▶ _SUPPLIED MATERIAL_
|---|
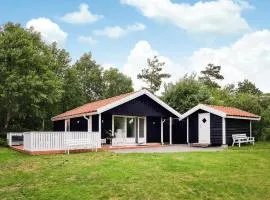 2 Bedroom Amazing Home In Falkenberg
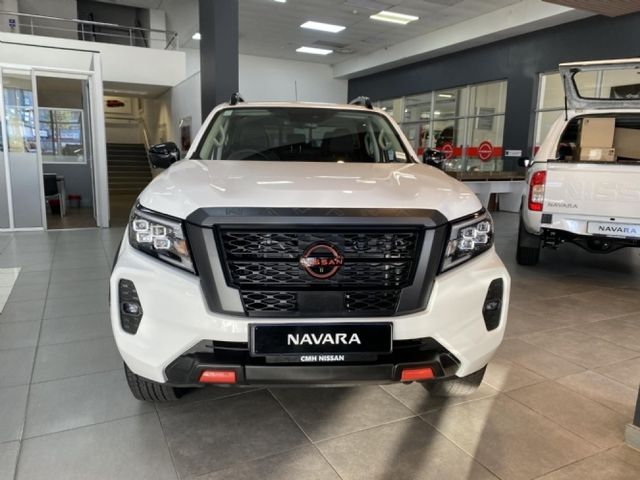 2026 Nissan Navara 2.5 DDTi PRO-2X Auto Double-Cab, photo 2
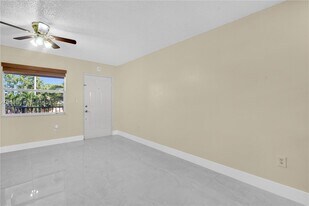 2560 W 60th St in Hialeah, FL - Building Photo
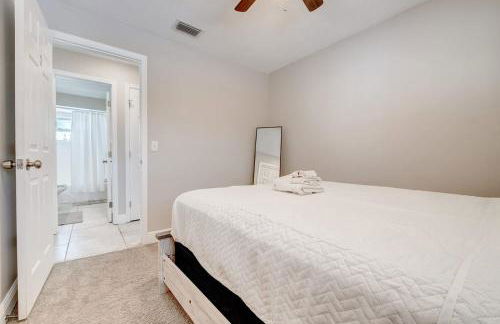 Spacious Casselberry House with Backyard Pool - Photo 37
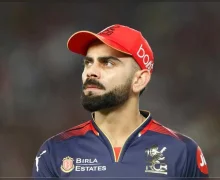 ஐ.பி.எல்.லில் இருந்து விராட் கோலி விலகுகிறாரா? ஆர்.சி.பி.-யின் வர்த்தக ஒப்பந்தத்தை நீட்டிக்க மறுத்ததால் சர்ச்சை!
|---|
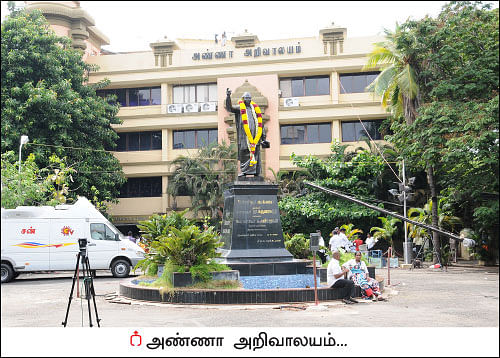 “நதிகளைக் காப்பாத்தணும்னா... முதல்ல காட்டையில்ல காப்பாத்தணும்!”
|---|
▶ _PROBLEM DETAILS_
A word-for-word reproduction is needed of the lines above from the line containing "2026 Nissan Navara" through the line containing "ஐ.பி.எல்.லில் இருந்து விராட்", with both ends kept and no pictures.

▶ _SOLVED EXERCISE_
 2026 Nissan Navara 2.5 DDTi PRO-2X Auto Double-Cab, photo 2
 2560 W 60th St in Hialeah, FL - Building Photo
 Spacious Casselberry House with Backyard Pool - Photo 37
 ஐ.பி.எல்.லில் இருந்து விராட் கோலி விலகுகிறாரா? ஆர்.சி.பி.-யின் வர்த்தக ஒப்பந்தத்தை நீட்டிக்க மறுத்ததால் சர்ச்சை!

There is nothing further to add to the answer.